Re: Strange behavior of some volatile function like random(), nextval()

Lists: pgsql-hackers
From: Alex Ignatov <a(dot)ignatov(at)postgrespro(dot)ru>
To: PostgreSQL Hackers <pgsql-hackers(at)postgresql(dot)org>
Subject: Strange behavior of some volatile function like random(), nextval()
Date: 2016-06-29 10:43:32
Message-ID: 414eda7d-739e-0fea-cb50-2ab7c1c0152f@postgrespro.ru
Views: Raw Message | Whole Thread | Download mbox | Resend email
Lists: pgsql-hackers

Hello!

Got some strange behavior of random() function:

postgres=# select (select random() ) from generate_series(1,10) as i;
random
-------------------
0.831577288918197
0.831577288918197
0.831577288918197
0.831577288918197
0.831577288918197
0.831577288918197
0.831577288918197
0.831577288918197
0.831577288918197
0.831577288918197
(10 rows)

postgres=# select (select random()+i*0 ) from generate_series(1,10) as i;
?column?
--------------------
0.97471913928166
0.0532126761972904
0.331358563620597
0.0573496259748936
0.321165383327752
0.48836630070582
0.444201893173158
0.0729857799597085
0.661443184129894
0.706566562876105
(10 rows)

postgres=# explain select (select random() ) from generate_series(1,10)
as i;
QUERY PLAN
--------------------------------------------------------------------------
Function Scan on generate_series i (cost=0.02..10.01 rows=1000 width=0)
InitPlan 1 (returns $0)
-> Result (cost=0.00..0.01 rows=1 width=0)
(3 rows)

postgres=# explain select (select random()+i*0 ) from
generate_series(1,10) as i;
QUERY PLAN
--------------------------------------------------------------------------
Function Scan on generate_series i (cost=0.00..30.00 rows=1000 width=4)
SubPlan 1
-> Result (cost=0.00..0.02 rows=1 width=0)
(3 rows)

postgres=# \df+ random();
List of functions
Schema | Name | Result data type | Argument data types | Type |
Security | Volatility | Owner | Language | Source code | Description
------------+--------+------------------+---------------------+--------+----------+------------+----------+----------+-------------+--------------
pg_catalog | random | double precision | | normal
| invoker | volatile | postgres | internal | drandom | random value
(1 row)

Also:

postgres=# create sequence test;
CREATE SEQUENCE
postgres=# SELECT (SELECT nextval('test')) FROM generate_series(1,10) as i;
nextval
---------
1
1
1
1
1
1
1
1
1
1
(10 rows)

postgres=# SELECT (SELECT nextval('test')+i*0) FROM
generate_series(1,10) as i;
?column?
----------
2
3
4
5
6
7
8
9
10
11
(10 rows)

postgres=# \df+ nextval() ;

List of functions
Schema | Name | Result data type | Argument data types | Type
| Security | Volatility | Owner | Language | Source code |
Description
------------+---------+------------------+---------------------+--------+----------+------------+----------+----------+-------------+---------------------
pg_catalog | nextval | bigint | regclass | normal
| invoker | volatile | postgres | internal | nextval_oid | sequence
next value
(1 row)

Both function is volatile so from docs :

"A VOLATILE function can do anything, including modifying the database.
It can return different results on successive calls with the same
arguments. The optimizer makes no assumptions about the behavior of such
functions. A query using a volatile function will re-evaluate the
function at every row where its value is needed."

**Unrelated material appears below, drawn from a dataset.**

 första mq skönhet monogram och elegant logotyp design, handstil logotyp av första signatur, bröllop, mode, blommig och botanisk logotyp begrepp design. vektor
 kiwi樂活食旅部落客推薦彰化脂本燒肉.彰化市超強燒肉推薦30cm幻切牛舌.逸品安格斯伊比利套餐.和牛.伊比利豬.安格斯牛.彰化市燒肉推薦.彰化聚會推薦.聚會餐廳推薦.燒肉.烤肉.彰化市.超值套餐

Something wrong with executor? Is it bug or executor feature related
with subquery?

--
Alex Ignatov
Postgres Professional: http://www.postgrespro.com
The Russian Postgres Company


From: Michael Paquier <michael(dot)paquier(at)gmail(dot)com>
To: Alex Ignatov <a(dot)ignatov(at)postgrespro(dot)ru>
Cc: PostgreSQL Hackers <pgsql-hackers(at)postgresql(dot)org>
Subject: Re: Strange behavior of some volatile function like random(), nextval()
Date: 2016-06-29 11:34:59
Message-ID: CAB7nPqQYO+4HYmrYGBXE3V9G8fJuUsdZ4U-gMgx91QVPUMmRVw@mail.gmail.com
Views: Raw Message | Whole Thread | Download mbox | Resend email
Lists: pgsql-hackers

On Wed, Jun 29, 2016 at 7:43 PM, Alex Ignatov <a(dot)ignatov(at)postgrespro(dot)ru> wrote:
> Hello!
>
> Got some strange behavior of random() function:
>
> postgres=# select (select random() ) from generate_series(1,10) as i;
> random
> -------------------
> 0.831577288918197
> [...]
> (10 rows)

I recall that this is treated as an implicit LATERAL, meaning that
random() is calculated only once.

> postgres=# select (select random()+i*0 ) from generate_series(1,10) as i;
> ?column?
> --------------------
> 0.97471913928166
> [...]
> (10 rows)

But not that. So those results do not surprise me.
--
Michael


From: "David G(dot) Johnston" <david(dot)g(dot)johnston(at)gmail(dot)com>
To: Michael Paquier <michael(dot)paquier(at)gmail(dot)com>
Cc: Alex Ignatov <a(dot)ignatov(at)postgrespro(dot)ru>, PostgreSQL Hackers <pgsql-hackers(at)postgresql(dot)org>
Subject: Re: Strange behavior of some volatile function like random(), nextval()
Date: 2016-06-29 12:30:01
Message-ID: CAKFQuwbxcFcCN-FYqwSeH0-GkwLhC6rzVOWSDG=v9vYJLR0e0g@mail.gmail.com
Views: Raw Message | Whole Thread | Download mbox | Resend email
Lists: pgsql-hackers

More specifically...
On Wed, Jun 29, 2016 at 7:34 AM, Michael Paquier <michael(dot)paquier(at)gmail(dot)com>
wrote:

> On Wed, Jun 29, 2016 at 7:43 PM, Alex Ignatov <a(dot)ignatov(at)postgrespro(dot)ru>
> wrote:
> > Hello!
> >
> > Got some strange behavior of random() function:
> >
> > postgres=# select (select random() ) from generate_series(1,10) as i;
> > random
> > -------------------
> > 0.831577288918197
> > [...]
> > (10 rows)
>
> I recall that this is treated as an implicit LATERAL, meaning that
> random() is calculated only once.
>

A non-correlated (i.e., does not refer to outer variables) subquery placed
into the target-list need only have its value computed once - so that is
what happens. The fact that a volatile function can return different
values given the same arguments doesn't mean much when the function is only
ever called a single time.​

> > postgres=# select (select random()+i*0 ) from generate_series(1,10) as i;
> > ?column?
> > --------------------
> > 0.97471913928166
> > [...]
> > (10 rows)
>
> But not that. So those results do not surprise me.
>
>
​A correlated subquery, on the other hand, has to be called once for every
row and is evaluated within the context supplied by said row​. Each time
random is called it returns a new value.

Section 4.2.11 (9.6 docs)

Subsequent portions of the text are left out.